**What you need to do:**
From the line with "LA GRIETA: El" to the line with "什么是pe理財,什么是pe理財產(chǎn)品", output every line below exactly, both ends included. Skip the pictures.
Provided records: Begin
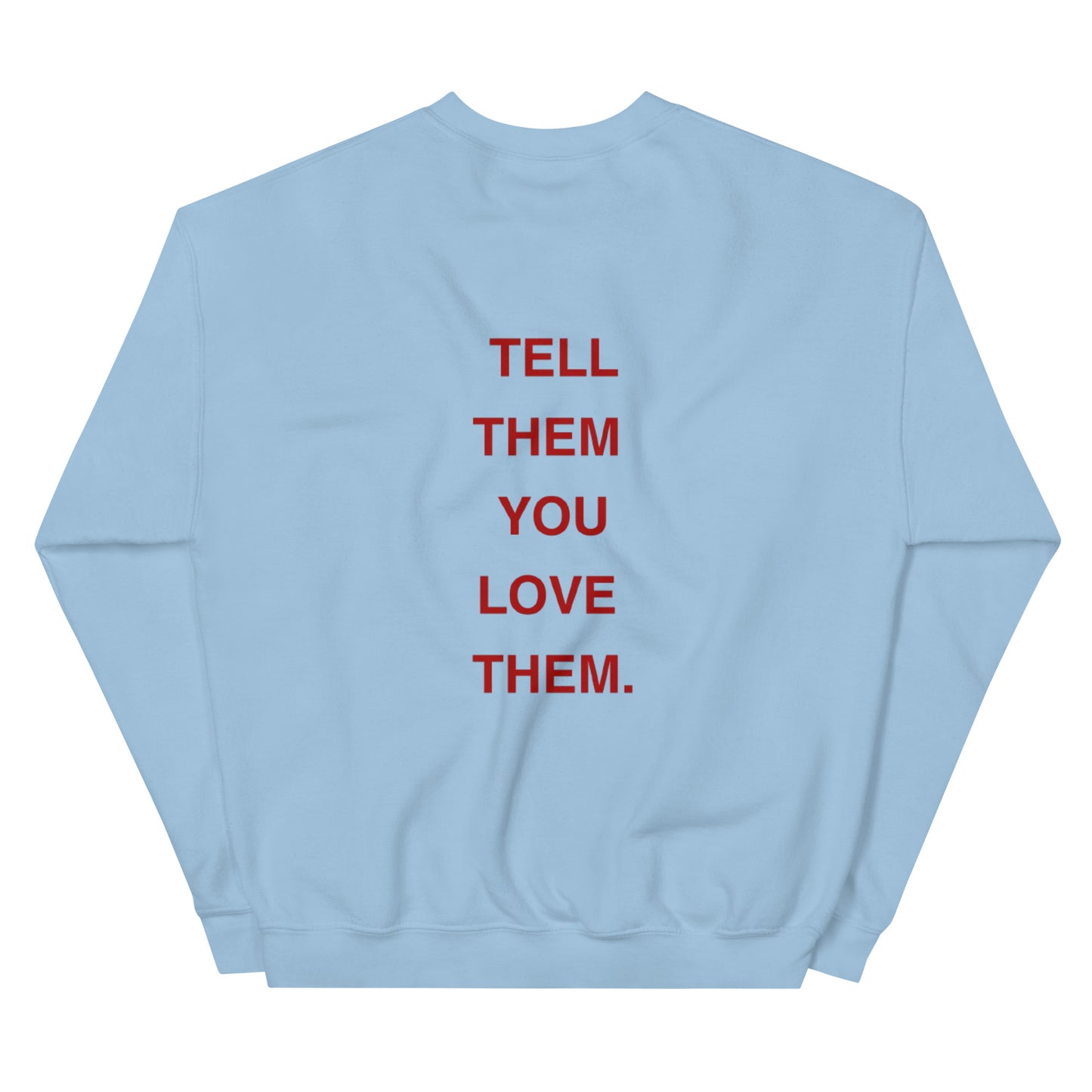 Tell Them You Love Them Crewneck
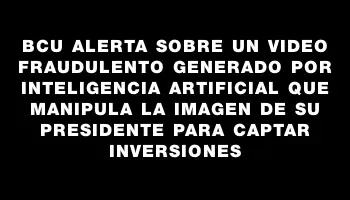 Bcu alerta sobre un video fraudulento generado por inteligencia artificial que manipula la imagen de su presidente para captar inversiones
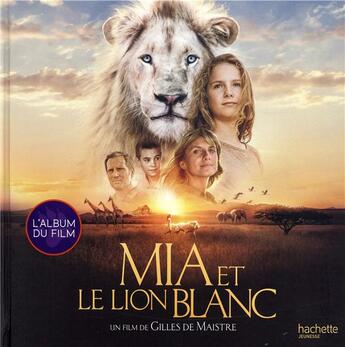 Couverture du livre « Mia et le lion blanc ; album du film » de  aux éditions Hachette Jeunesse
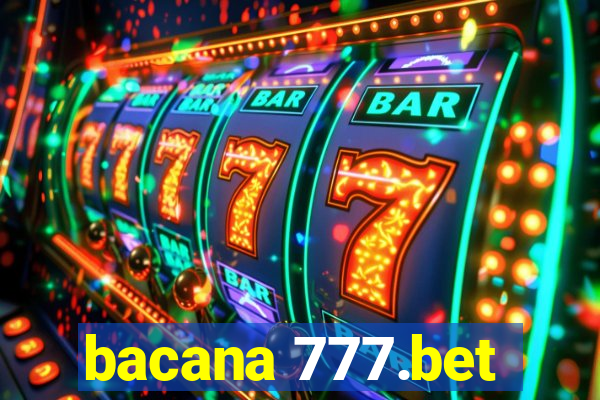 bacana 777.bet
Provided records: End
Provided records: Begin
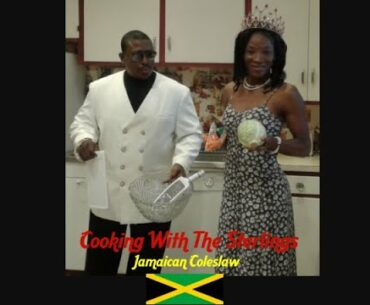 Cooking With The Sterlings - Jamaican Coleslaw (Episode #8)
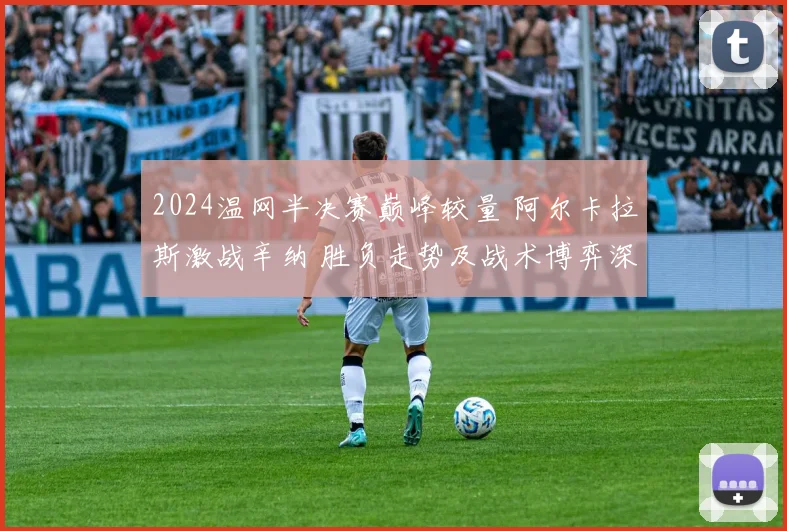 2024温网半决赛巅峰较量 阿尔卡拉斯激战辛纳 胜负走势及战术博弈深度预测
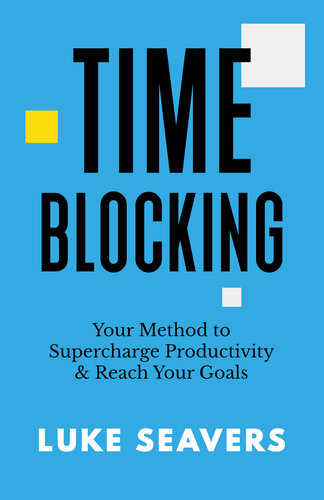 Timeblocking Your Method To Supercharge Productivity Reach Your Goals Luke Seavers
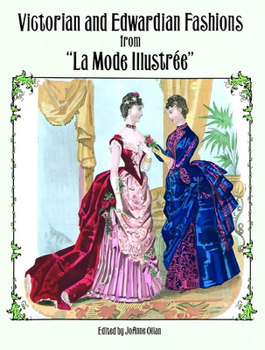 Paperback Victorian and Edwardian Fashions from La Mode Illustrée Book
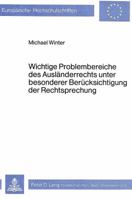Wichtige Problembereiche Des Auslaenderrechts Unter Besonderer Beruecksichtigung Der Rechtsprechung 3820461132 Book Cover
Provided records: End
Provided records: Begin
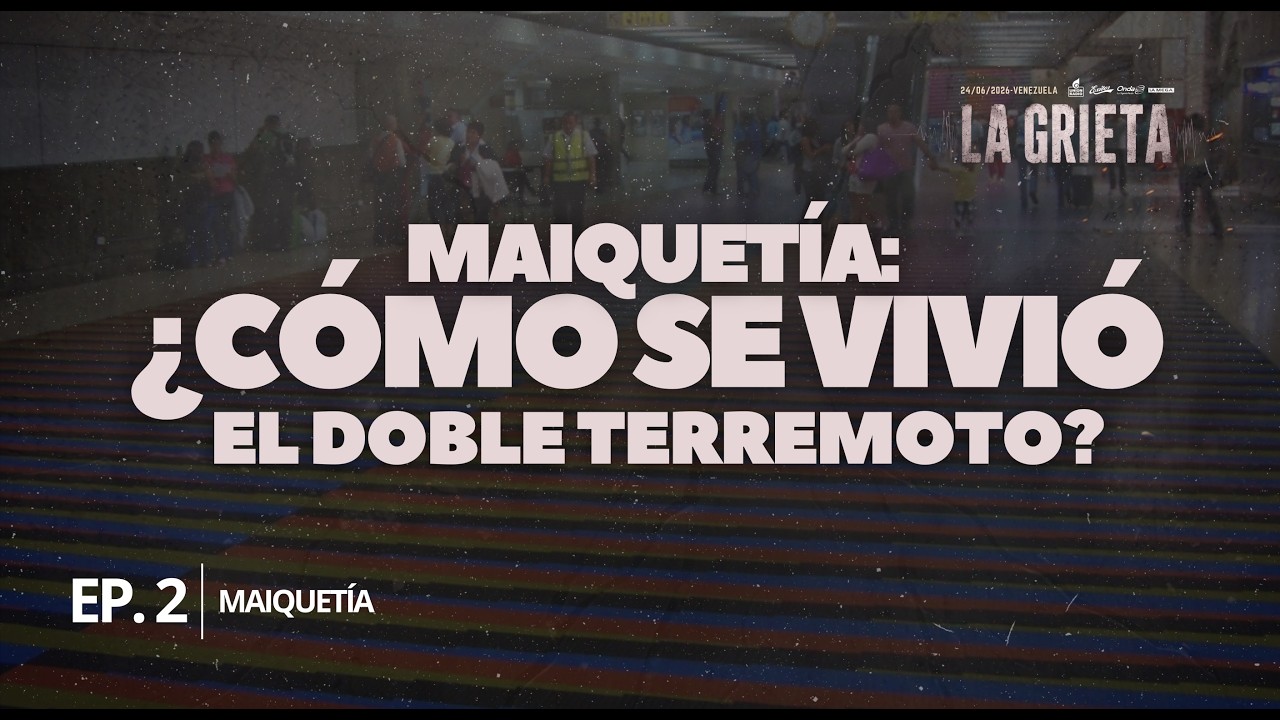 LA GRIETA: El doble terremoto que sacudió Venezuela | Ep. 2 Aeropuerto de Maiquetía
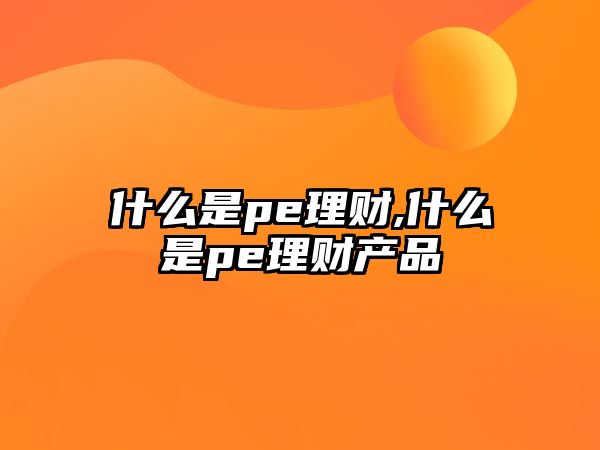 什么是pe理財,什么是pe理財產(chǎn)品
Provided records: End
**Solution:**
 LA GRIETA: El doble terremoto que sacudió Venezuela | Ep. 2 Aeropuerto de Maiquetía
 什么是pe理財,什么是pe理財產(chǎn)品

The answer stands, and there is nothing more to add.